Méditation Vendredi Saint

Marie est donnée à Jean au moment où Jésus exerce sur Jean toute son attraction. Il faut être attiré par Jésus pour découvrir Marie, sinon on ne la découvre pas : elle est un trop grand secret. Elle est le secret du Christ, et c’est en étant attirés par Jésus à la Croix que nous pourrons découvrir ce secret : Marie, elle-même totalement attirée par Jésus, et attirée encore plus profondément que Jean, que nous, puisque, au moment où elle nous est donnée, elle n’est plus qu’un avec Jésus.

C’est au moment où Marie vit cette attraction d’amour, (attraction qui devient unité, car pour nous c’est l’attraction qui est l’amour en acte), où Jean lui-même est attiré par Jésus, et où l’un et l’autre sont donc comme reclus en Jésus, « cachés avec le Christ en Dieu » [1], c’est à ce moment-là que Jésus veut qu’ils soient unis d’une manière toute nouvelle — « qu’ils soient un comme nous sommes un » [2] —, dans cette attraction même et pour que cette attraction soit encore plus forte.

C’est pour cela que Marie nous est donnée : pour que Jésus crucifié puisse être pleinement pour nous sagesse [3]. Attirés l’un et l’autre par Jésus, Marie et Jean vivent le mystère de la Compassion, et c’est dans ce mystère de Compassion qu’ils sont unis par Jésus. Quelque chose de nouveau se réalise, un nouvel exercice d’amour, et ce « quelque chose de nouveau » permet à Jésus d’être encore plus donné à Marie et à Jean.

Nous devons toujours revenir là si nous voulons vraiment vivre de la nouvelle Alliance jusqu’au bout, dans toute sa surabondance d’amour (car l’alliance avec Marie est bien une alliance de surabondance). En effet, puisque Marie est tout entière attirée par Jésus, et que Jean l’est aussi, on pourrait dire que cela suffit. Et pourtant Jésus veut quelque chose de plus ; et c’est ce « quelque chose de plus » qu’il réalise dans cette alliance avec Marie [4].

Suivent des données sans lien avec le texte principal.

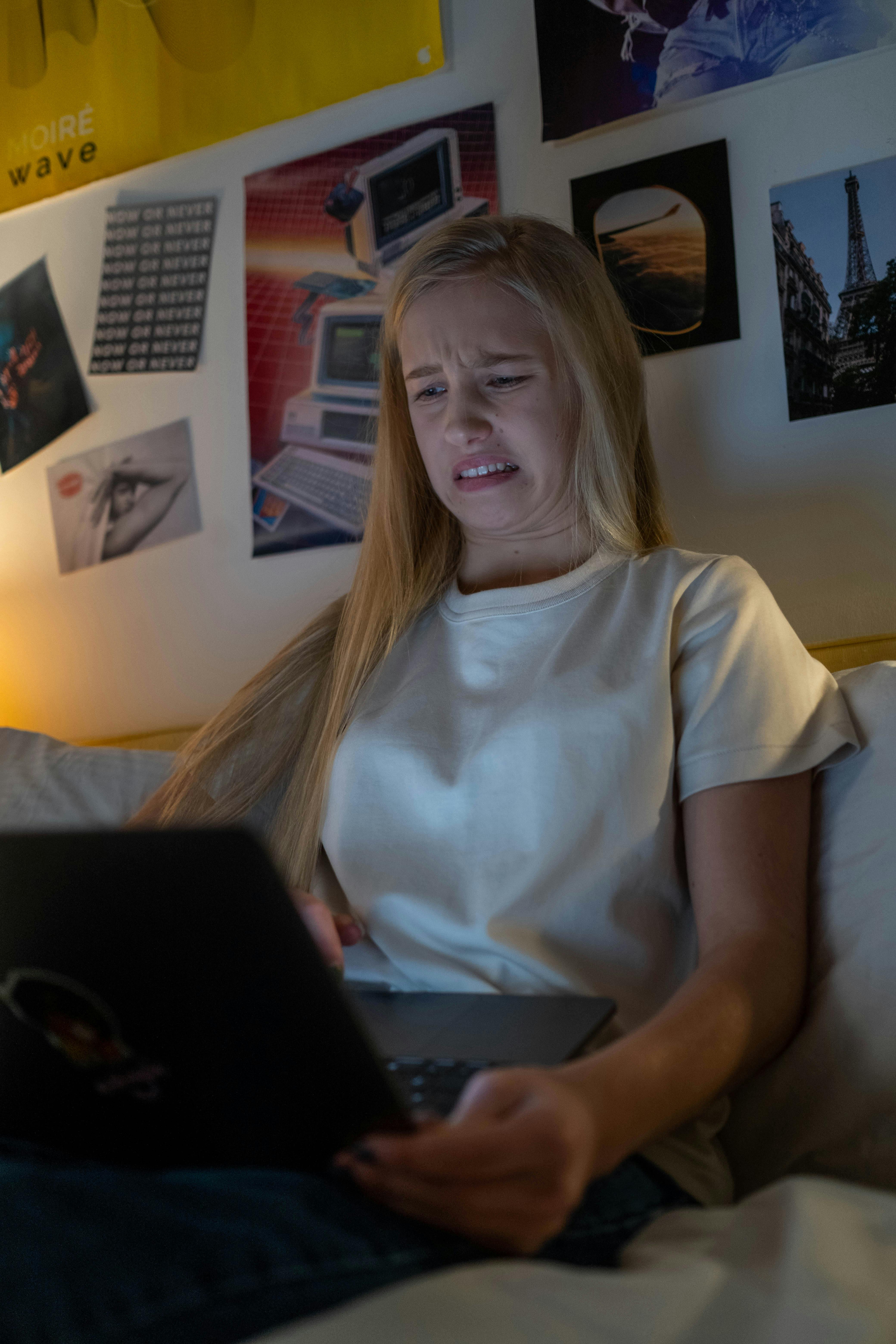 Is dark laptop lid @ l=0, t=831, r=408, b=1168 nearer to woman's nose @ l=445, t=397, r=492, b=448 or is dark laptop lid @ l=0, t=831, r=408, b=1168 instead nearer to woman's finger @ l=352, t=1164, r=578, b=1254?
woman's finger @ l=352, t=1164, r=578, b=1254

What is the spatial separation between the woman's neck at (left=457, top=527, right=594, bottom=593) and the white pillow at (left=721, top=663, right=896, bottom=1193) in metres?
0.33

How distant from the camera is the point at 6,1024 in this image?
0.50 m

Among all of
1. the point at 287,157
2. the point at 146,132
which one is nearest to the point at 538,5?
the point at 287,157

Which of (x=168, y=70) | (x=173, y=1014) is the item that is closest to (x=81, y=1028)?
(x=173, y=1014)

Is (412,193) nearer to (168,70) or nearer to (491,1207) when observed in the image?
(168,70)

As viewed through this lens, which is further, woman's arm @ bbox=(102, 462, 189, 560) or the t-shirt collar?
woman's arm @ bbox=(102, 462, 189, 560)

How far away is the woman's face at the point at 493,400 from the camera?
1.00 metres

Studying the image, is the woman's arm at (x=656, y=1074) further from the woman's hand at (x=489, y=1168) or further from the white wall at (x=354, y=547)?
the white wall at (x=354, y=547)

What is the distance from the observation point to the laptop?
0.40m

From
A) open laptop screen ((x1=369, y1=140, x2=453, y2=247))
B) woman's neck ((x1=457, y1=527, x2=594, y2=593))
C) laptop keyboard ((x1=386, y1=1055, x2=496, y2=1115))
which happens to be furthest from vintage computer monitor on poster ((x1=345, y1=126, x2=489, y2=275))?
laptop keyboard ((x1=386, y1=1055, x2=496, y2=1115))

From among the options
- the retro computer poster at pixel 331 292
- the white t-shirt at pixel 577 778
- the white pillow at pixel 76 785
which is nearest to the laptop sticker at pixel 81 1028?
the white t-shirt at pixel 577 778

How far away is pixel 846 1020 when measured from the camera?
2.39 feet

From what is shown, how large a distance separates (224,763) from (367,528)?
0.31 metres

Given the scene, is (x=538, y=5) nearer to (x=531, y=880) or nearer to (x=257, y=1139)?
(x=531, y=880) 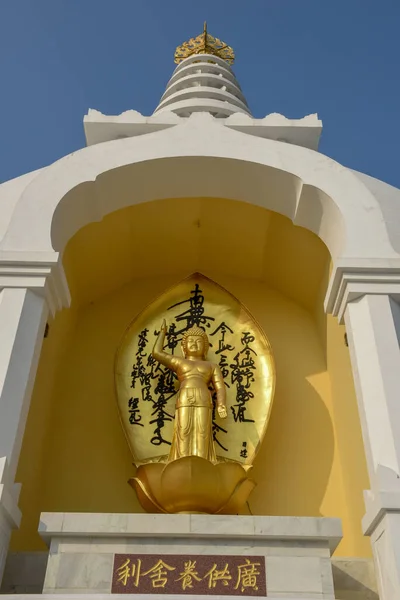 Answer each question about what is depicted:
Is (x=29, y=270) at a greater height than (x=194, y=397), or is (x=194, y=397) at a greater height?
(x=29, y=270)

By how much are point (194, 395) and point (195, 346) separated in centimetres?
54

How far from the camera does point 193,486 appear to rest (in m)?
3.98

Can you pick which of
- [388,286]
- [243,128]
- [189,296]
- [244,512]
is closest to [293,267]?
[189,296]

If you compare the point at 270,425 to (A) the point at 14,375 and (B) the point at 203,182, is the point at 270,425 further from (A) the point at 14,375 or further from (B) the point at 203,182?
(A) the point at 14,375

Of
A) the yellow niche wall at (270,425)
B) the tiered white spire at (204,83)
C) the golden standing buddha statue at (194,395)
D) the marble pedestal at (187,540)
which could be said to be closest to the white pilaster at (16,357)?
the marble pedestal at (187,540)

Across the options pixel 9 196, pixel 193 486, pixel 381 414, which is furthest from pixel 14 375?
pixel 381 414

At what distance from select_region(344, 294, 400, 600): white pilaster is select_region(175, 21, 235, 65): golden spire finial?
7.39m

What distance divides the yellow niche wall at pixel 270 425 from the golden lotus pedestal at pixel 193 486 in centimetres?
69

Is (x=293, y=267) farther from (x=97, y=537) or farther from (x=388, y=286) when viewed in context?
(x=97, y=537)

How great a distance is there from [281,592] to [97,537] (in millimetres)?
1039

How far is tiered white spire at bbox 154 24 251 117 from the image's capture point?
23.6 ft

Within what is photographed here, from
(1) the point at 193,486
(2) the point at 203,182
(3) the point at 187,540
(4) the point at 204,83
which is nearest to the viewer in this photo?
(3) the point at 187,540

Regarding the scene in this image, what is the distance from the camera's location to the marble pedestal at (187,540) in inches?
128

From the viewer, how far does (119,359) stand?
525 centimetres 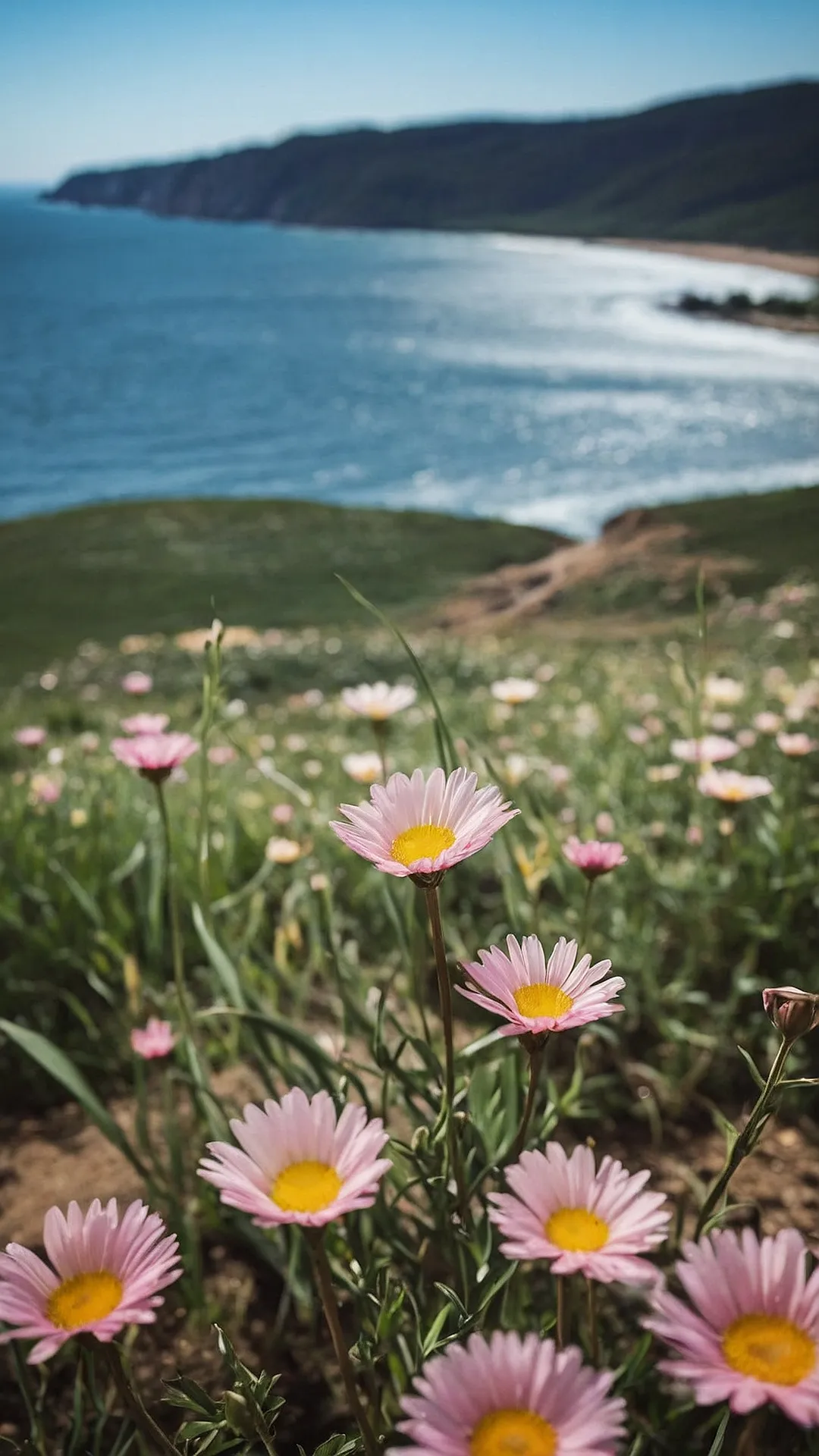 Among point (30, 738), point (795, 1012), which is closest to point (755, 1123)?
point (795, 1012)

Il fallait que Marie se laisse prendre par cette attraction de la Sagesse — Jésus crucifié — et qu’elle y réponde, et que Jean aussi soit pris par cette attraction, pour que puisse se réaliser cette nouvelle unité d’amour, cette nouvelle alliance : « Femme, voici ton fils (…) voici ta mère ».

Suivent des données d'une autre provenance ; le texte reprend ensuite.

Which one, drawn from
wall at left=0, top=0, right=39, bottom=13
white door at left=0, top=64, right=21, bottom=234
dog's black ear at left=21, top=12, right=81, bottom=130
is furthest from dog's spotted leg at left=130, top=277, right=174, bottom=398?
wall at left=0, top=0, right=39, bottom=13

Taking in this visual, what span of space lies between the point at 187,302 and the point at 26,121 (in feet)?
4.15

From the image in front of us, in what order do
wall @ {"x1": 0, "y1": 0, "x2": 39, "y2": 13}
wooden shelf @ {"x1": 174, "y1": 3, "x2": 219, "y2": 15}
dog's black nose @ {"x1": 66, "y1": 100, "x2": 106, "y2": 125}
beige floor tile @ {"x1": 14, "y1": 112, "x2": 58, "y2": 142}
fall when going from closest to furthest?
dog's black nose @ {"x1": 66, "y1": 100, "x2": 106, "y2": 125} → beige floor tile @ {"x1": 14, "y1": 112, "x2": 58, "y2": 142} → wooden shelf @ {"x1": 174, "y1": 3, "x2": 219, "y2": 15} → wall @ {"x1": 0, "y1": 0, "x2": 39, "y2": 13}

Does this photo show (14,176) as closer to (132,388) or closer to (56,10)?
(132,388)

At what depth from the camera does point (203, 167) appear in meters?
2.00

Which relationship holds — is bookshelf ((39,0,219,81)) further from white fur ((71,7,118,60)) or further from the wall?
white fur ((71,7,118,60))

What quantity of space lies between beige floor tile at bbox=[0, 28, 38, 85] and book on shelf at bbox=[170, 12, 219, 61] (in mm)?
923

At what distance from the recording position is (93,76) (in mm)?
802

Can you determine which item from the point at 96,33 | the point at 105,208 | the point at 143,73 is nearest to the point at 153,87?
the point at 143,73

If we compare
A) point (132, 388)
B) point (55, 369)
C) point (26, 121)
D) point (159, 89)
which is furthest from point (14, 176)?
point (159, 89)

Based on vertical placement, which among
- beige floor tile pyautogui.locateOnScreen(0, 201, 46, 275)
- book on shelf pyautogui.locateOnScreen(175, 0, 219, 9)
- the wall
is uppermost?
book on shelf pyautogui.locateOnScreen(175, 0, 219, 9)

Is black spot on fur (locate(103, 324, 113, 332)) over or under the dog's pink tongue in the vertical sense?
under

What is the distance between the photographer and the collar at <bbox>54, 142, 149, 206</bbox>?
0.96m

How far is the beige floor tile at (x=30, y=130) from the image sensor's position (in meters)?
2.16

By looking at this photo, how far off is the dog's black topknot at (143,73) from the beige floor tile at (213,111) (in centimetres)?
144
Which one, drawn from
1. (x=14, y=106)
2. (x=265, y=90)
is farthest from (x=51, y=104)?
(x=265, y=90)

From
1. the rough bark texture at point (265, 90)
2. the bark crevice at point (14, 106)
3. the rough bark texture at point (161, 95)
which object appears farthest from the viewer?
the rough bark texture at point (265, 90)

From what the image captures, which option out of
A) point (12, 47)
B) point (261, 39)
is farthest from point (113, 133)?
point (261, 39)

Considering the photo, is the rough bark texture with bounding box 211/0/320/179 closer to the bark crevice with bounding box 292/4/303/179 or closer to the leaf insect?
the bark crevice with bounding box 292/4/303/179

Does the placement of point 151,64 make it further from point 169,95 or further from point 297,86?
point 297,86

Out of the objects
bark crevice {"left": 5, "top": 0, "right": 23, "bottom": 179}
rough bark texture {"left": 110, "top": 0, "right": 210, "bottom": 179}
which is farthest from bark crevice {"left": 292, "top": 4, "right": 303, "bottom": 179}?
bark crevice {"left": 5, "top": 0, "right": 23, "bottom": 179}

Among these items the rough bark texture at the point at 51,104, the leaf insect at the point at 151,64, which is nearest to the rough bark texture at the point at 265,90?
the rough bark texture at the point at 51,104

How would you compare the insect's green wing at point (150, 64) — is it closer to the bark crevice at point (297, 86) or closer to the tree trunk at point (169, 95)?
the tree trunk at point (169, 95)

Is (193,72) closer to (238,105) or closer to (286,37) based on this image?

C’est à l’intérieur de la contemplation de Marie à la Croix (contemplation de l’Agneau et, à travers lui, du Verbe dans le sein du Père), qu’il y a ce fruit le plus éminent, et en même temps le plus simple, de la charité fraternelle.

Celle que le Père a donnée à son Fils bien-aimé pour qu’elle soit sa Mère devient sagesse pour Jean. « Trône de la Sagesse », celle qui est tout unie à Jésus devient source de vie, de lumière et d’amour pour Jean. Encore une fois, c’est une surabondance d’amour, ce n’était pas nécessaire (dans l’ordre de la justice) ; et c’est bien pour cela que le mystère de Marie est si difficile à comprendre. Au niveau de la dévotion, c’est facile… mais la dévotion n’atteint pas le secret. Saint Louis-Marie Grignion de Montfort et saint Maximilien Kolbe nous font entrer beaucoup plus profondément dans le mystère de Marie que toute espèce de dévotion. Or ils ne font qu’une seule chose : nous apprendre à regarder ce qui se passe à la Croix.

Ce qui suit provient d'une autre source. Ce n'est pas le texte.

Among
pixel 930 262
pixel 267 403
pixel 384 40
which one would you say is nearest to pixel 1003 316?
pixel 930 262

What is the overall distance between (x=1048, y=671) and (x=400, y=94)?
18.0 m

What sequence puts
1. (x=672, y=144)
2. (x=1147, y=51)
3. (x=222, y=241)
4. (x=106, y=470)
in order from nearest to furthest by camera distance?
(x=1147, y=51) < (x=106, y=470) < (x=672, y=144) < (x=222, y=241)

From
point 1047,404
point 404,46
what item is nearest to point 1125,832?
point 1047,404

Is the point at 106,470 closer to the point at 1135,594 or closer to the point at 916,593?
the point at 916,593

La surabondance de l’amour, voilà la sagesse ; c’est par la surabondance de l’amour que nous pénétrons dans la Sagesse qui est « dans le sein du Père » [5]. C’est là que nous découvrons la fécondité dans l’ordre de l’amour. La raison n’a pas de fécondité, mais la sagesse en a une. La Sagesse, c’est « le Verbe qui spire l’amour » [6]. A la Croix, Jésus, notre Sagesse, spire l’amour en nous donnant celle que le Père lui a donnée et qui est tellement liée à l’Esprit Saint. Il veut qu’elle nous soit totalement donnée pour que, par elle, l’Esprit Saint nous soit entièrement donné et puisse transformer tout en nous, du dedans.

 Père Marie Dominique Philippe
Extrait de J’ai soif, chapitre IV

[1] Col 3, 3.

[2] Jn 17, 11 et 21-23.

[3] Cf. 1 Co 1, 30.

[4] Voir Les trois sagesses, pp. 306-307.

[5] Jn 1, 18.

[6] Voir II, p. 00 et note 00 ; VIII, p. 00.